I want to close with some thoughts on Draft, specifically what needs to happen for you to 3-0 a pod. In my four non-tournament drafts on the weekend, and most of my practice drafts in Madison, I’ve 2-1-ed the pod rather consistently. This is great when you’re team drafting but insanely bad when you’re trying to win Nationals. Fortunately, I managed to 3-0 my second Nats pod, leaving me in reasonable shape for a Top 8 if only I could have dodged the impossible Zur matchup from Gadiel. But, in talking to the Madison crew and looking at the decks that swept pods, I’m noticing an overwhelming tendency towards mono-colored creations. I know several of the New York crew prefer these wacky three-color manabases that exploit hybrid synergies as a kind of uber-manafixing, but every time I’ve navigated the waters deftly enough to draft a single-color strategy that doesn’t sacrifice card-quality I’ve wound up with a machine that was leagues beyond anything else the rest of my table could offer. Moreover, I’ve noticed (and Michael Jacob can probably confirm this, with the twelve Eventide spells from his first draft pod) that your best decks get maximum mileage out of the third pack.
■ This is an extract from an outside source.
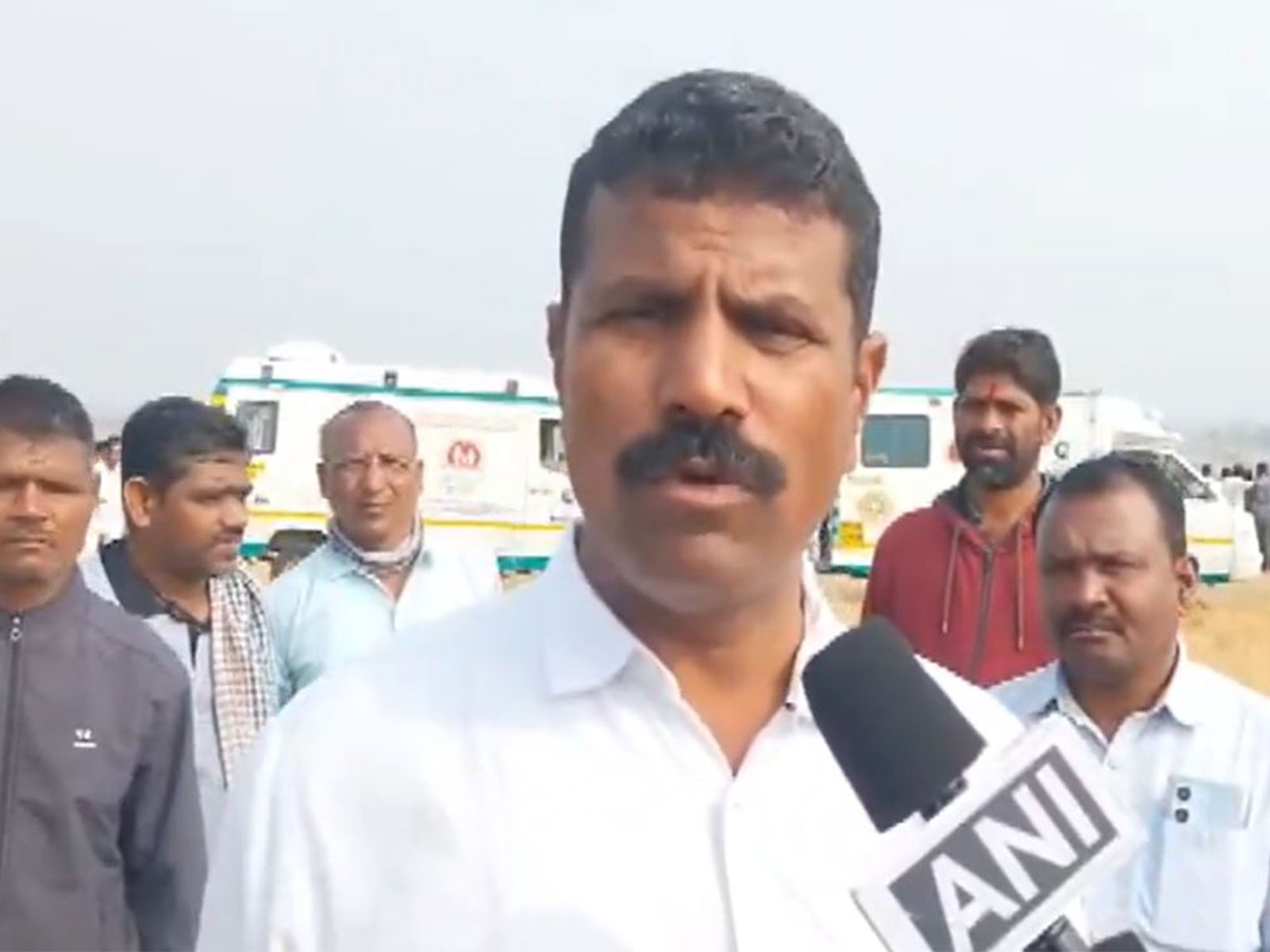 ‘हमने कोशिश की, लेकिन आग बहुत भयानक थी’, बारामती विमान हादसे के चश्मदीद की आंखों देखी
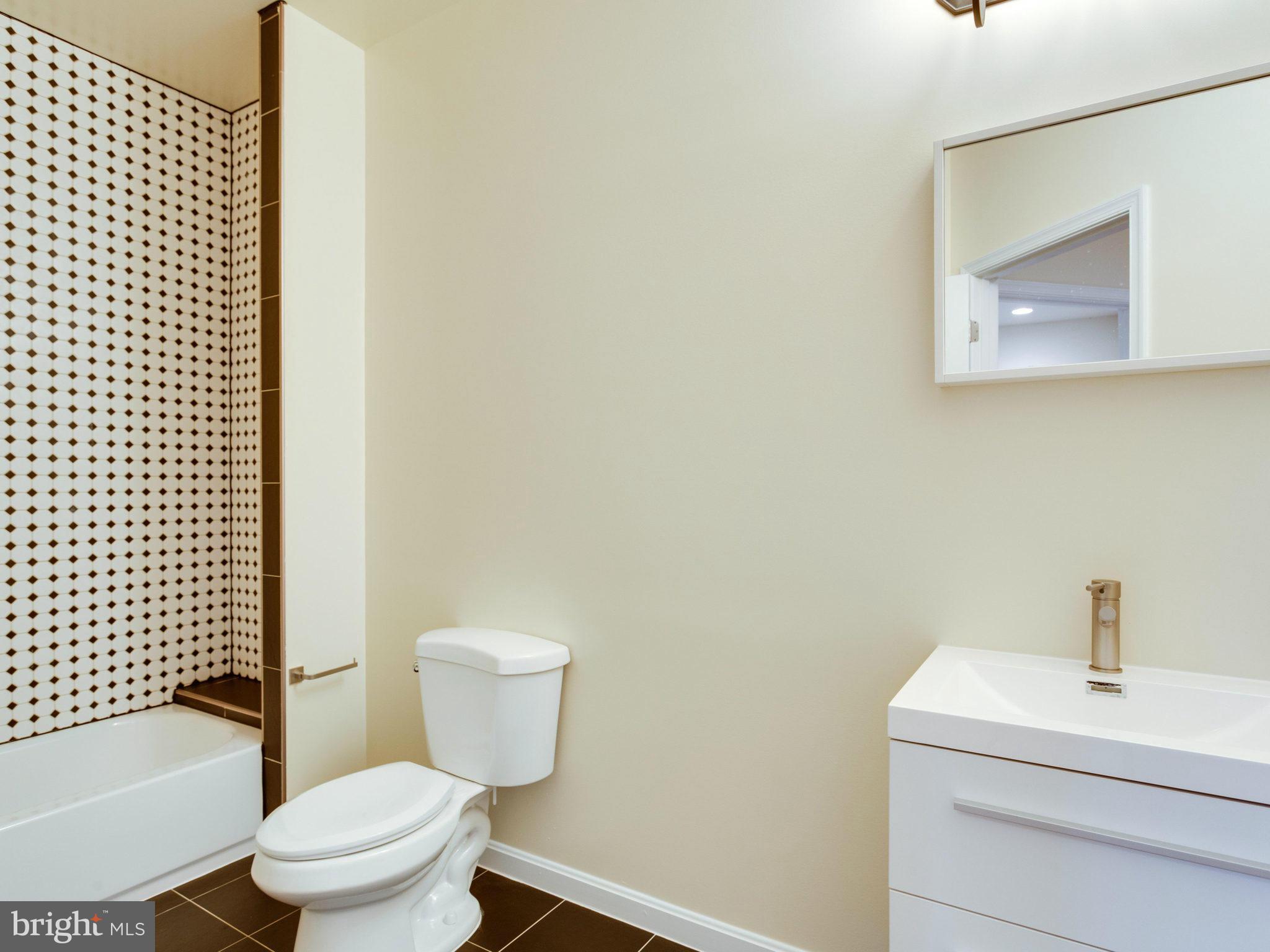 1444 Morris Road Southeast Washington, DC 20020 - Photo 14 of 20 Bath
One of the means of doing this is to capitalize on the powerful Eventide God enchantments, especially Clout of the Dominus which is presently highly underrated, but there are other means as well. For example, if you’re R/G, do you realize that access to B/G hybrid spells allows your Sootstoke Kindlers to give the majority of your creatures Haste? Synergies like this abound if you look for them. Look for opportunities to maximize your Shadowmoor Scarecrows with Eventide overlaps – like my Mono-Red control deck in draft that routinely controlled 2/4 Watchwings with Flying and Vigilance.
Also, and I know I always say this, but maximize the value out of your late picks in Shadowmoor. That’s clearly obvious, but to take one example: if there’s nothing exciting in a pack of Shadowmoor, grab a Manamorphose or a Fate Transfer if you can. Why? Because with two Manamorphose and a Flame Jab, Hotheaded Giant goes from unplayable 15th-pick to tremendously undercosted monster. And with some Fate Transfers, not only do Chainbreakers allow you to round out your mana curve while enabling a removal spell in a removal-light format, they turn your Canker Abominations and Hatchlings into newly-sprung impossibly-giant monsters (note that the Giant and the Transfer can frequently work well together, also). You may not always be able to mise Jacob van Lunen’s 4 Manamorphose, 3 Hotheaded Giant, 4 Giantbaiting Mono-Red monstrosity, but you’ll get some extra mileage you previously had no idea could exist.